## Task objective
Filter the material below down to the lines containing the word "image".
======
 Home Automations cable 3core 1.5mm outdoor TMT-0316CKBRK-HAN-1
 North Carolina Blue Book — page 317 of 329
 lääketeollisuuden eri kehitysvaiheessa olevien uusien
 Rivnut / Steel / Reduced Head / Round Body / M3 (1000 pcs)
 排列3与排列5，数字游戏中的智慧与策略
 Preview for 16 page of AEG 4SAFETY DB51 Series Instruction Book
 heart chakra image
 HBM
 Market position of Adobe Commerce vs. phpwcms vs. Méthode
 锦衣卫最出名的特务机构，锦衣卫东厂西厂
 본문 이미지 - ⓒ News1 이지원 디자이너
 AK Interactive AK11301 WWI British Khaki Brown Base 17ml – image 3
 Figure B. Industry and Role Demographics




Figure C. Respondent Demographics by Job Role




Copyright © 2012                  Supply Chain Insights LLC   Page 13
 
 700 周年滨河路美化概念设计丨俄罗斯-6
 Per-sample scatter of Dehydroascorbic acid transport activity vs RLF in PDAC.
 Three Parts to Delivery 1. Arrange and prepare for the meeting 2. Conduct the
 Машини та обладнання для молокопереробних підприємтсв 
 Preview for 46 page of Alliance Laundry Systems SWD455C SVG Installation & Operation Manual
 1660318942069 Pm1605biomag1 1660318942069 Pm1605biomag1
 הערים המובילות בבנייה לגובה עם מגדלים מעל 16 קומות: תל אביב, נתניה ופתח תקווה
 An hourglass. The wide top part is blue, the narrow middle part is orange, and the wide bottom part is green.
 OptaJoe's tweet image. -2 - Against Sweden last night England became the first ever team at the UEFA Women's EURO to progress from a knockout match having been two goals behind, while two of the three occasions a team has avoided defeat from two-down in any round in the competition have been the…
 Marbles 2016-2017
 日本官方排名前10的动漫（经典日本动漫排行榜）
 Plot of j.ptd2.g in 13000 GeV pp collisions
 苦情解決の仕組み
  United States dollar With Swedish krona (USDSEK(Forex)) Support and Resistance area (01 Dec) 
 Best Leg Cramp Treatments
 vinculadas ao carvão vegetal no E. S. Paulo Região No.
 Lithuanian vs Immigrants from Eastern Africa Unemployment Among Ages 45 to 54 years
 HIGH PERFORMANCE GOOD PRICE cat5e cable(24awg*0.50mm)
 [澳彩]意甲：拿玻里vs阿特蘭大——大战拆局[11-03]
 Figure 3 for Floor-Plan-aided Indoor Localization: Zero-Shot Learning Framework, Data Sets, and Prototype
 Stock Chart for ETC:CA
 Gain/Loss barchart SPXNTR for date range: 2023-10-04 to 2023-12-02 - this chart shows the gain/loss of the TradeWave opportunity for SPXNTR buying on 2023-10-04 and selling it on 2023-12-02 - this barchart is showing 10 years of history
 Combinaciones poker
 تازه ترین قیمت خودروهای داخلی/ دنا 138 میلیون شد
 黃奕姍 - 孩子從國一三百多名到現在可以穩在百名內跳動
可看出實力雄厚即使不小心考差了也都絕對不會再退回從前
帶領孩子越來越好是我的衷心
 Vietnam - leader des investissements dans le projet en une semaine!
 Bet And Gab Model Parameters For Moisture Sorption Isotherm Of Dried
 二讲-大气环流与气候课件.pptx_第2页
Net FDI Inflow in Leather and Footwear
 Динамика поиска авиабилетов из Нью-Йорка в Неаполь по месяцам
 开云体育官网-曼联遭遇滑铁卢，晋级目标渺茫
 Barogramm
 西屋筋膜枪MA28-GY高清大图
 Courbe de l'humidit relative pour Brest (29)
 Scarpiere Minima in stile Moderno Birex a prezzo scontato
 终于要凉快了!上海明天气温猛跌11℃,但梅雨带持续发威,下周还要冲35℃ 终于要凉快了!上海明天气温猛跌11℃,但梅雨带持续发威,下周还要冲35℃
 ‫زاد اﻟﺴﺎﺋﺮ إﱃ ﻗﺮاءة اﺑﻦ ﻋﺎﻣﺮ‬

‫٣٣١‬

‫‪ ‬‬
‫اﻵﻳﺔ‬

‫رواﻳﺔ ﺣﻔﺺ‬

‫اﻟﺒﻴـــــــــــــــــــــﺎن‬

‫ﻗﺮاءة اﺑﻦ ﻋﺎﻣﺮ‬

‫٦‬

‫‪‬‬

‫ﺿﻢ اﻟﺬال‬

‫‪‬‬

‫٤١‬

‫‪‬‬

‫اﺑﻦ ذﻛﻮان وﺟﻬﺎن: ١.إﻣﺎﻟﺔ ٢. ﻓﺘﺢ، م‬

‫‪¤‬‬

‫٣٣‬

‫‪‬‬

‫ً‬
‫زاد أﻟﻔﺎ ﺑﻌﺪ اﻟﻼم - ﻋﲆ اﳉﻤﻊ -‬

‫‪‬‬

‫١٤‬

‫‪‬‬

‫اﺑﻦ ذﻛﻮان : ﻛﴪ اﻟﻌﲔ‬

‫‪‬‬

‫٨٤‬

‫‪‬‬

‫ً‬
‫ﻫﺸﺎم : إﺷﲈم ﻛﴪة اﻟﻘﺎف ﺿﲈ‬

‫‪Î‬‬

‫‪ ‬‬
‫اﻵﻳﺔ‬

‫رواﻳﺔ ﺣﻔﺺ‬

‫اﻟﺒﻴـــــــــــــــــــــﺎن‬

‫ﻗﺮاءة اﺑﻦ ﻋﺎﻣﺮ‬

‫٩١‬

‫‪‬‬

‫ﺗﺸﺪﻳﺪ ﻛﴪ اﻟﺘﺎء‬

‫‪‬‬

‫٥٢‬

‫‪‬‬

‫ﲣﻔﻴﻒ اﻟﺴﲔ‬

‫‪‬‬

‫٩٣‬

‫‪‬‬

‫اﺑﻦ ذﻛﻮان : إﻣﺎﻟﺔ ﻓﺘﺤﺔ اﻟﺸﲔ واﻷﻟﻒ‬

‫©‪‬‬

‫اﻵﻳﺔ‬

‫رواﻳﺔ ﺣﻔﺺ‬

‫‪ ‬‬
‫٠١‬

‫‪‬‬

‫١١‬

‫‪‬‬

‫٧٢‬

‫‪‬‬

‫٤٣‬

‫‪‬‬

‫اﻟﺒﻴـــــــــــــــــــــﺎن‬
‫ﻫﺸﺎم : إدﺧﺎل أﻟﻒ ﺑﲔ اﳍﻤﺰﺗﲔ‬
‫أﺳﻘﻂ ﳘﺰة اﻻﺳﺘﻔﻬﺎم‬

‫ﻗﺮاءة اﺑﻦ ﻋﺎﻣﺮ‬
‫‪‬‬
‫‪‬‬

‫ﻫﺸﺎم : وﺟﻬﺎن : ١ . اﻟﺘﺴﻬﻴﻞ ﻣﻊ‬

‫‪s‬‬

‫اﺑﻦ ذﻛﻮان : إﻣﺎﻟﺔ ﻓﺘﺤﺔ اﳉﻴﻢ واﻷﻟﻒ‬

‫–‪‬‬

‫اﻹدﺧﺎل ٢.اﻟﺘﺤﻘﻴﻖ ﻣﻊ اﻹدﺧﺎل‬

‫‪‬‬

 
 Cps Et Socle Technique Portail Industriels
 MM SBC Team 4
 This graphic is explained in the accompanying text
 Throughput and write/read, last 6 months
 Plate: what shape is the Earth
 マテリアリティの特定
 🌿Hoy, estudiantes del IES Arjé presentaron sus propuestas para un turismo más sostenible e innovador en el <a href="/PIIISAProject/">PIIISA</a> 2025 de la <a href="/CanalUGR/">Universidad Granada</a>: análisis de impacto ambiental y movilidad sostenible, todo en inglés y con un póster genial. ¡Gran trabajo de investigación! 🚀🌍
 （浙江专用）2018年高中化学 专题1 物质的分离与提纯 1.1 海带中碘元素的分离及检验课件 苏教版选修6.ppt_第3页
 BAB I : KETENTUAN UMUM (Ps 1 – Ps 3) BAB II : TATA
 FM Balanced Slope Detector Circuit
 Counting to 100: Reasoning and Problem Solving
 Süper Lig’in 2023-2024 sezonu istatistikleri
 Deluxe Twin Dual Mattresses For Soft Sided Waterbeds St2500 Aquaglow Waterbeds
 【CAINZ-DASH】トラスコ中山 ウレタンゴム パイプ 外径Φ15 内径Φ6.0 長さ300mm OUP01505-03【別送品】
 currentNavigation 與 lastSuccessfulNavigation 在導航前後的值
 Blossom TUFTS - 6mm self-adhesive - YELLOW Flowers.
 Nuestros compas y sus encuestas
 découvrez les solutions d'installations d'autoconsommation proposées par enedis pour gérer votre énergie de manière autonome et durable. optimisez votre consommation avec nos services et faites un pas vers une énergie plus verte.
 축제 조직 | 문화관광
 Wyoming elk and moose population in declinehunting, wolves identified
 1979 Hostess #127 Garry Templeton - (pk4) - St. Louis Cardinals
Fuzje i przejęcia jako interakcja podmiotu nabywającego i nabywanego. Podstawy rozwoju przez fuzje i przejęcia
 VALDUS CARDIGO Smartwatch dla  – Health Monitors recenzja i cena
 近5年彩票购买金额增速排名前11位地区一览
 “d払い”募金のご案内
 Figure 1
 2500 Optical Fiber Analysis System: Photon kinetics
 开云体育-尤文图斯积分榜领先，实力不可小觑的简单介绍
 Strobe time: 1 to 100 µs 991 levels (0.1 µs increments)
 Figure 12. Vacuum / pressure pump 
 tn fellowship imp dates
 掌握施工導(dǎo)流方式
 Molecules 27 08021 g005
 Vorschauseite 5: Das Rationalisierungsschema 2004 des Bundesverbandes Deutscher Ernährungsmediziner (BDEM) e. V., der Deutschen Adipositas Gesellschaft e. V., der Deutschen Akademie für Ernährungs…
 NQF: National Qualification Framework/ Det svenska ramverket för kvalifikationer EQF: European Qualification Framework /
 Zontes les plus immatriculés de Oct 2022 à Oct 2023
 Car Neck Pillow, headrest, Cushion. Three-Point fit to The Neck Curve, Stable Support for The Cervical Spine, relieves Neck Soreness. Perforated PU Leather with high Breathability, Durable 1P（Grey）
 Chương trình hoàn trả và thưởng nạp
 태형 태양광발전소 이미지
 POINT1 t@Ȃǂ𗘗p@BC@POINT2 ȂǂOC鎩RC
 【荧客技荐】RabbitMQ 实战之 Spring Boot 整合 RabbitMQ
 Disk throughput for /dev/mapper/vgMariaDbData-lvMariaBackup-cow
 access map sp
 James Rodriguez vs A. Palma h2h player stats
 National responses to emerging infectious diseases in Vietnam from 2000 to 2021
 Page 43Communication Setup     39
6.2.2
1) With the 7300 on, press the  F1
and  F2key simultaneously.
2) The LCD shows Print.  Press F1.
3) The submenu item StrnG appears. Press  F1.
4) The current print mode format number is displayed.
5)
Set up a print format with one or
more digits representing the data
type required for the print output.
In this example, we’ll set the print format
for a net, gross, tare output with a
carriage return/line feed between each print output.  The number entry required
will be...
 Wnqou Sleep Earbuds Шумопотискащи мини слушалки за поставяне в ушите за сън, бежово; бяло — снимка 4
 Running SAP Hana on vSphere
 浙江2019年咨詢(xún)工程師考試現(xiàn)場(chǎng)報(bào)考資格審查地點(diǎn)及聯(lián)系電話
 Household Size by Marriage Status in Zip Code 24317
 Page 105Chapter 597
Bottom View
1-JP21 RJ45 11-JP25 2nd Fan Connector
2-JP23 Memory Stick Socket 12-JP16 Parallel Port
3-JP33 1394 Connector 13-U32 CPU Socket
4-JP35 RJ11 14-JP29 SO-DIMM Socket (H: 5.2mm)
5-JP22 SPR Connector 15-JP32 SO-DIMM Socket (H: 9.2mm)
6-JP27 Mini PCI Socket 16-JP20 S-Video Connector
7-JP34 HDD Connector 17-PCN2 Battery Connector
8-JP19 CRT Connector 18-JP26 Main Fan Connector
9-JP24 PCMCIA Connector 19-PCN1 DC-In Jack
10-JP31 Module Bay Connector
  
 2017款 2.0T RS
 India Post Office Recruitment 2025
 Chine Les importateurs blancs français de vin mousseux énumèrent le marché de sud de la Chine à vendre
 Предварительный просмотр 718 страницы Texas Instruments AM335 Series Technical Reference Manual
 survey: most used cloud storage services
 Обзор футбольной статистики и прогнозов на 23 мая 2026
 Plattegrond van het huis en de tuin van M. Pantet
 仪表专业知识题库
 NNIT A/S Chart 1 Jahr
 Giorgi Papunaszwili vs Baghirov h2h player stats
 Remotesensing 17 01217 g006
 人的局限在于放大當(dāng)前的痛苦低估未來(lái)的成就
======
## Response area
 heart chakra image
 AK Interactive AK11301 WWI British Khaki Brown Base 17ml – image 3
 OptaJoe's tweet image. -2 - Against Sweden last night England became the first ever team at the UEFA Women's EURO to progress from a knockout match having been two goals behind, while two of the three occasions a team has avoided defeat from two-down in any round in the competition have been the…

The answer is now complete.